Live Art

Camden, Maine

During outdoor art shows Buckley Smith draws while onlookers watch. These finished “Live Drawing” pieces are sold off the easel.  Buyers bid on a silent auction sheet. Winning bidder takes the drawing home.

Each year on Labor Day Weekend we have an art booth at Windjammer Festival, harbor side, Camden, Maine.

Here are some drawings done at our tent display area.

Windjammer Festival Talent Show, Camden, Maine

At 7pm on the Friday night of Labor Day Weekend in Camden, Maine, for the talent show at the head of the harbor lawn, Buckley Smith draws a 4ft x 8ft charcoal drawing on blue paper.

The audience watches & then bids on the finished piece at 8:30 pm. Winning bidders take it home.

Windjammer Talent Show live drawing 2016

Windjammer Talent Show live drawing 2015

Sailing to the Moon. 4ft x 8ft. Chalk & charcoal on blue paper. Auction price $800.
Buck adds details to Sailing to the Moon. 4ft x 8ft. Chalk & charcoal on blue paper. Live drawing in 2 hours.


Build a Boat, Camden, Maine

Part of Windjammer Weekend on Labor Day each year in Camden,Maine involves a Build-a-Boat contest in which a competitor is given materials, has 5 hours to build a boat that can float & carry 2 crew. Then there is a race of all the boats.
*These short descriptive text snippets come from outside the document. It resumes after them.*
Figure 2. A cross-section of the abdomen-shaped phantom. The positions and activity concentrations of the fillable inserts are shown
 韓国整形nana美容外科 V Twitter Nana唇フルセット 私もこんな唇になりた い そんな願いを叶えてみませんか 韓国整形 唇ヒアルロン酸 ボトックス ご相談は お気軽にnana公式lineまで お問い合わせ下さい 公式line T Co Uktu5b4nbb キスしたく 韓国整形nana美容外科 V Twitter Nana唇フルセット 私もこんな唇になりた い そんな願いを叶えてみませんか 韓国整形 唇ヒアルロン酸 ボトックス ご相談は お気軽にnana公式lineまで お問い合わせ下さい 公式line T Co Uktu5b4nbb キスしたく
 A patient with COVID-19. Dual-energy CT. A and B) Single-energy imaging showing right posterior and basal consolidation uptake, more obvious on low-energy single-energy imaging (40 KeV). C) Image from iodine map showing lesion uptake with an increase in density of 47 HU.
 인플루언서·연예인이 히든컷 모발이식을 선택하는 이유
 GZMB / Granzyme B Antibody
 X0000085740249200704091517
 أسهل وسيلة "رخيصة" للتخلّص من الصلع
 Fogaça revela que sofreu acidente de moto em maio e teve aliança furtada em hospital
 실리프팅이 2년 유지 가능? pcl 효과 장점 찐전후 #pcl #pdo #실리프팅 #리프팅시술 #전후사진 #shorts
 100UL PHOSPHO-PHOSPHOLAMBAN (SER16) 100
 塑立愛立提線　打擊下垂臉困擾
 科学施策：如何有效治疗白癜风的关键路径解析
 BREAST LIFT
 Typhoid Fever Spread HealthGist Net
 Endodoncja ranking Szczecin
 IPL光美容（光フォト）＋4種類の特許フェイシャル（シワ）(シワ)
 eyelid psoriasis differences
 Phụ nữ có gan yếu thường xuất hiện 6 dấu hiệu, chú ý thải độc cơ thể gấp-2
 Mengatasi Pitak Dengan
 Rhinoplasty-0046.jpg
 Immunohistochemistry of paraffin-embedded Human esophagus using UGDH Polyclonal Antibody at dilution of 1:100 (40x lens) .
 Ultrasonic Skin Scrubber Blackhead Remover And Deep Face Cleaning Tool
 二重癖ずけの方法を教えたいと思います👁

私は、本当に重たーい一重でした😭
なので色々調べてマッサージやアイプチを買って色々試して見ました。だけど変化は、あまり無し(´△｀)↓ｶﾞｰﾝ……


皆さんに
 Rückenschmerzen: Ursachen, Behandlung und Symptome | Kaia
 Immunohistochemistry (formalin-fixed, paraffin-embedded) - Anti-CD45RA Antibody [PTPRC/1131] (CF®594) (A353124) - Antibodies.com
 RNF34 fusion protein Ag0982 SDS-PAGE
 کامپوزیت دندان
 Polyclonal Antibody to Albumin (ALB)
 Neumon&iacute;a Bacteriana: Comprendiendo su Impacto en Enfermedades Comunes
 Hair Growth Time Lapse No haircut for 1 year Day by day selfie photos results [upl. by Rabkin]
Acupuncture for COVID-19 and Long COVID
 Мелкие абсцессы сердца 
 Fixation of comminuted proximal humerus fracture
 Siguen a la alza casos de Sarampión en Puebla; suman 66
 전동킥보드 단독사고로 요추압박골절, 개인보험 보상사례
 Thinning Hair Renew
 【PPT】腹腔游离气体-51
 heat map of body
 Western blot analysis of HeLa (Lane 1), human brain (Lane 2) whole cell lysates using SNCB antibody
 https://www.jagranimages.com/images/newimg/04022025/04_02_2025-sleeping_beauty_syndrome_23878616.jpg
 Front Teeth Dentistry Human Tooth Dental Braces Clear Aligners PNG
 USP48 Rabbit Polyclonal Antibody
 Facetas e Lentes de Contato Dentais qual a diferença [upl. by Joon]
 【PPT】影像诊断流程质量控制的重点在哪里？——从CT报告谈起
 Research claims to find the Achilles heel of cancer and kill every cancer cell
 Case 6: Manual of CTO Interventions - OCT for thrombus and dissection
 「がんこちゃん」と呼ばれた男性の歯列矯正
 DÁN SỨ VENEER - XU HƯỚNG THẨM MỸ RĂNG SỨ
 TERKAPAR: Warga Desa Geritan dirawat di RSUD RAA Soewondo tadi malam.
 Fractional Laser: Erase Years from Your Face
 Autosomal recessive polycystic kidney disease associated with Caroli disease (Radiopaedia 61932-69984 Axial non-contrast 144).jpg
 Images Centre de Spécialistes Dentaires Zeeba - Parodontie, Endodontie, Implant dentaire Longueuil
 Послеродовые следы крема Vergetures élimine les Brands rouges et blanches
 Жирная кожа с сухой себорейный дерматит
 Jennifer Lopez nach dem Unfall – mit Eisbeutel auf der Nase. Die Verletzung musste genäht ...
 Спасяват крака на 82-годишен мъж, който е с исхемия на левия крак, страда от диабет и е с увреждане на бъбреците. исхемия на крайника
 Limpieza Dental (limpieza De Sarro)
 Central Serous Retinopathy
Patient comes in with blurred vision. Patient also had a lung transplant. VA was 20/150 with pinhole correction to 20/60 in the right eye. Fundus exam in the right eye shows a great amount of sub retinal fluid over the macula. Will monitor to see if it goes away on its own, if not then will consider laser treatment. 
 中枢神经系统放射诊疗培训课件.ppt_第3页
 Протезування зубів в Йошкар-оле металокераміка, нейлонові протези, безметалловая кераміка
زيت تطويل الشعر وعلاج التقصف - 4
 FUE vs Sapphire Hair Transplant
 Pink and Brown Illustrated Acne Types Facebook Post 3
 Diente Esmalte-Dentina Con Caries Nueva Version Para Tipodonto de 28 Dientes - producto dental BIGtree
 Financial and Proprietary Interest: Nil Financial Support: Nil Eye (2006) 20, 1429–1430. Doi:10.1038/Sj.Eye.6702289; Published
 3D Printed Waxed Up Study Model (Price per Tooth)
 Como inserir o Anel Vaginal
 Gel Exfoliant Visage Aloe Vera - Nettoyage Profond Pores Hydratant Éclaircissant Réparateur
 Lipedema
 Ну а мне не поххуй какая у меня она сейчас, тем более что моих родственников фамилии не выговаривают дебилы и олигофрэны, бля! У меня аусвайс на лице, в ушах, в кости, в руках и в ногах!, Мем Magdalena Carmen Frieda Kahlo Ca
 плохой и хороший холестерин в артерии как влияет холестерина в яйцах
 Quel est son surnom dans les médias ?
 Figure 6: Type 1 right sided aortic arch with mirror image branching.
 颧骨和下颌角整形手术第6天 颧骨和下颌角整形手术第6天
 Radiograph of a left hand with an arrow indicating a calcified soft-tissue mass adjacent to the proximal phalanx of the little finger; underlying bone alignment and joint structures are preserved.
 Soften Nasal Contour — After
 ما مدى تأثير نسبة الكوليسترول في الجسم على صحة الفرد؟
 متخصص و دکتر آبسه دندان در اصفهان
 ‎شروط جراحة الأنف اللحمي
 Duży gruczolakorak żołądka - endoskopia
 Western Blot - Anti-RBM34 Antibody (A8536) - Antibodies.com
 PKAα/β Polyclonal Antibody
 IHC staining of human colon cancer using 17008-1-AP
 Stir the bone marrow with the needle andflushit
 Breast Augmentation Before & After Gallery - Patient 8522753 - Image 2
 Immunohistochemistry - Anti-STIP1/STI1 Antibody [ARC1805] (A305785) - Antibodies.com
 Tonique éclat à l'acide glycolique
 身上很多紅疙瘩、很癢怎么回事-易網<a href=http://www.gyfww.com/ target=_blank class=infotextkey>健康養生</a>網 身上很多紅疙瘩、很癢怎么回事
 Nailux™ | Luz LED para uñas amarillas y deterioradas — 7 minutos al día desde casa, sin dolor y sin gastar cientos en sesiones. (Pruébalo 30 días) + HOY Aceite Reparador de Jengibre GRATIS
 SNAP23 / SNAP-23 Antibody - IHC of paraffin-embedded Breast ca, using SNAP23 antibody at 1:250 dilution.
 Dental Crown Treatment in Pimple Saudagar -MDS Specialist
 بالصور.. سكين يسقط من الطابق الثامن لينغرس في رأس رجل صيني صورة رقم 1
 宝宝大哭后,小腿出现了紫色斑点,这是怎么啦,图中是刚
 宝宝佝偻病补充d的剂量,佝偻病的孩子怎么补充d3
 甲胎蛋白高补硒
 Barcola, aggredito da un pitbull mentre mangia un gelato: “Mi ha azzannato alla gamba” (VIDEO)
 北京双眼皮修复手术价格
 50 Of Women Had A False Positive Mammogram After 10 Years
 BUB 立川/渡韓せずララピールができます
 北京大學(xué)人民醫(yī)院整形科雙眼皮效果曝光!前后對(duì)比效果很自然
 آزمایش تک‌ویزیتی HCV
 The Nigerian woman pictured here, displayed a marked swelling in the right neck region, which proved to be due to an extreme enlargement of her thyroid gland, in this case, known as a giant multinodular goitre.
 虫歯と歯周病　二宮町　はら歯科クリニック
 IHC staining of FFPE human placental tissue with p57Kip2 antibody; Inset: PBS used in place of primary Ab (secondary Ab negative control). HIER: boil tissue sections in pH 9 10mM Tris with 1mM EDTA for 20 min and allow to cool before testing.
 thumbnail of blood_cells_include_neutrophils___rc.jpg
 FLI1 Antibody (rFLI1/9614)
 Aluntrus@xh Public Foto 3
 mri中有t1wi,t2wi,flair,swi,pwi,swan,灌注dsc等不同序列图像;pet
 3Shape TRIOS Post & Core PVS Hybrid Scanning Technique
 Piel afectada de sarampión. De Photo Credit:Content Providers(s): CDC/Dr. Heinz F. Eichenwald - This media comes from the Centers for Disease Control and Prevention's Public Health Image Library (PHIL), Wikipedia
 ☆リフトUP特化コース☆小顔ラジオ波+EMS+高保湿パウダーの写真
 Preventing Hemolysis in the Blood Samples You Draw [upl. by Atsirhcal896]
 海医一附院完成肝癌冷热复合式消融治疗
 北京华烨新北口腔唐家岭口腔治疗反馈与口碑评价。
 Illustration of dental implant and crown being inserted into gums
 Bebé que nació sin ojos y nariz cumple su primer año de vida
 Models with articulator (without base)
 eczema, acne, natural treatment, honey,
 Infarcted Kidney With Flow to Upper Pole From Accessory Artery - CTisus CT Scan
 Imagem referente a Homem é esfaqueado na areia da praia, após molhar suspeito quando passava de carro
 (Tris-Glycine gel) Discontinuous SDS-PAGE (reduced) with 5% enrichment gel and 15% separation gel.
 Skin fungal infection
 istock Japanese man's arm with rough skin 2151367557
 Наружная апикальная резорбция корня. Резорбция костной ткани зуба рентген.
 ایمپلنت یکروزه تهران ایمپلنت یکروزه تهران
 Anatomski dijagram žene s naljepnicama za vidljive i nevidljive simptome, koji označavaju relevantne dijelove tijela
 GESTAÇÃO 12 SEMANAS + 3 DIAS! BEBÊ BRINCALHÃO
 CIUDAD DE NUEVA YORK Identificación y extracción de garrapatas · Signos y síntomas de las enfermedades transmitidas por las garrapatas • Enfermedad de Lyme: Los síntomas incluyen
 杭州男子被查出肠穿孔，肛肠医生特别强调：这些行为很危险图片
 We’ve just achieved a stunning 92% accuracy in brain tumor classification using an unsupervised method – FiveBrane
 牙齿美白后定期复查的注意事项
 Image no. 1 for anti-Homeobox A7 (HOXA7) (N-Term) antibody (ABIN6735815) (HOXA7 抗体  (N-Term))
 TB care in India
This little boat that Buckley Smith built was a wonderful artistic display item but did not float.

Large Performance Art Mural~Language of Peace,Sta. Barbara, Ca

When Buckley Smith does a performance mural, either as a backdrop for a play or musical performance, or for a public event, it usually involves a week of preparation and a four figure budget.

His free-standing mural, Moonsailors’ Language of Peace Mural, was done in celebration of the Santa Barbara Sea Center Opening the 17 through the 23 April 2005.

If you would like a live mural performance for your celebration or your event, contact Buckley Smith for price and details.

These photos are of the mural preparation for the Santa Barbara Sea Center opening the 17 and 23 April 2005.

First a day is spent making lists of what is needed and purchasing materials: paints, rollers, sponges, painter dropcloths, etc. On another day, we find a local sailmaker to sew the dropcloths together.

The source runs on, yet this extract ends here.